* [Exercise material]:
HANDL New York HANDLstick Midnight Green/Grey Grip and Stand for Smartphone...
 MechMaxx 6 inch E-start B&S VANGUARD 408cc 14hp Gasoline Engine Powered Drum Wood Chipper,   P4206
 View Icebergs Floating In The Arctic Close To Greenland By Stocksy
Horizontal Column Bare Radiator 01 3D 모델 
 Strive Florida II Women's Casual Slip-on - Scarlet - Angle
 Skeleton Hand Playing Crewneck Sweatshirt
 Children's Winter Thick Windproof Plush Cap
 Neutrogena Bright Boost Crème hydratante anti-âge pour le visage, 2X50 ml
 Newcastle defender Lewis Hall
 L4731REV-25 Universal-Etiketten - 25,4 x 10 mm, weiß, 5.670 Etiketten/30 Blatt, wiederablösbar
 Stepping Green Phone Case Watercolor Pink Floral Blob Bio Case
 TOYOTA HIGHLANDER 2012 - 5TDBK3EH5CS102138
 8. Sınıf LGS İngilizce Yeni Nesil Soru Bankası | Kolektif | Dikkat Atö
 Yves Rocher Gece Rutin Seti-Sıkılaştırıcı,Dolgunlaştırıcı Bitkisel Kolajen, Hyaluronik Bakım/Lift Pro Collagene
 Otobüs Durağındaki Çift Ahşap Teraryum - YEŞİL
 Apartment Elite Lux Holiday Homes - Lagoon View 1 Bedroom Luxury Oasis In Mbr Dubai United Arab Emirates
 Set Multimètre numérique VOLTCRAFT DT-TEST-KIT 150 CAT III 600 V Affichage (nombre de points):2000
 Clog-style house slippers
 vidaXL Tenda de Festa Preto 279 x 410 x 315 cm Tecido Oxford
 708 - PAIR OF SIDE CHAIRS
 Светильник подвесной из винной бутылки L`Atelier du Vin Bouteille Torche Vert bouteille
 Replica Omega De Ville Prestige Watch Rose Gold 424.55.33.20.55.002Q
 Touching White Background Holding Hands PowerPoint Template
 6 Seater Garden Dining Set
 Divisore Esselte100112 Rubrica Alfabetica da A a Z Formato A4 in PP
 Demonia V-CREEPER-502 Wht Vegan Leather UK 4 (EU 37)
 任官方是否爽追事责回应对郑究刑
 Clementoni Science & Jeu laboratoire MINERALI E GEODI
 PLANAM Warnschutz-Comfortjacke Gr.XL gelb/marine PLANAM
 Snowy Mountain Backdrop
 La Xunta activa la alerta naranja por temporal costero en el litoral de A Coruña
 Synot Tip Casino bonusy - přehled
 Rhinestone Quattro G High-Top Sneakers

* [Exercise]: All of the records go in your answer, copied exactly.

* [Response to the exercise]:
HANDL New York HANDLstick Midnight Green/Grey Grip and Stand for Smartphone...
 MechMaxx 6 inch E-start B&S VANGUARD 408cc 14hp Gasoline Engine Powered Drum Wood Chipper,   P4206
 View Icebergs Floating In The Arctic Close To Greenland By Stocksy
Horizontal Column Bare Radiator 01 3D 모델 
 Strive Florida II Women's Casual Slip-on - Scarlet - Angle
 Skeleton Hand Playing Crewneck Sweatshirt
 Children's Winter Thick Windproof Plush Cap
 Neutrogena Bright Boost Crème hydratante anti-âge pour le visage, 2X50 ml
 Newcastle defender Lewis Hall
 L4731REV-25 Universal-Etiketten - 25,4 x 10 mm, weiß, 5.670 Etiketten/30 Blatt, wiederablösbar
 Stepping Green Phone Case Watercolor Pink Floral Blob Bio Case
 TOYOTA HIGHLANDER 2012 - 5TDBK3EH5CS102138
 8. Sınıf LGS İngilizce Yeni Nesil Soru Bankası | Kolektif | Dikkat Atö
 Yves Rocher Gece Rutin Seti-Sıkılaştırıcı,Dolgunlaştırıcı Bitkisel Kolajen, Hyaluronik Bakım/Lift Pro Collagene
 Otobüs Durağındaki Çift Ahşap Teraryum - YEŞİL
 Apartment Elite Lux Holiday Homes - Lagoon View 1 Bedroom Luxury Oasis In Mbr Dubai United Arab Emirates
 Set Multimètre numérique VOLTCRAFT DT-TEST-KIT 150 CAT III 600 V Affichage (nombre de points):2000
 Clog-style house slippers
 vidaXL Tenda de Festa Preto 279 x 410 x 315 cm Tecido Oxford
 708 - PAIR OF SIDE CHAIRS
 Светильник подвесной из винной бутылки L`Atelier du Vin Bouteille Torche Vert bouteille
 Replica Omega De Ville Prestige Watch Rose Gold 424.55.33.20.55.002Q
 Touching White Background Holding Hands PowerPoint Template
 6 Seater Garden Dining Set
 Divisore Esselte100112 Rubrica Alfabetica da A a Z Formato A4 in PP
 Demonia V-CREEPER-502 Wht Vegan Leather UK 4 (EU 37)
 任官方是否爽追事责回应对郑究刑
 Clementoni Science & Jeu laboratoire MINERALI E GEODI
 PLANAM Warnschutz-Comfortjacke Gr.XL gelb/marine PLANAM
 Snowy Mountain Backdrop
 La Xunta activa la alerta naranja por temporal costero en el litoral de A Coruña
 Synot Tip Casino bonusy - přehled
 Rhinestone Quattro G High-Top Sneakers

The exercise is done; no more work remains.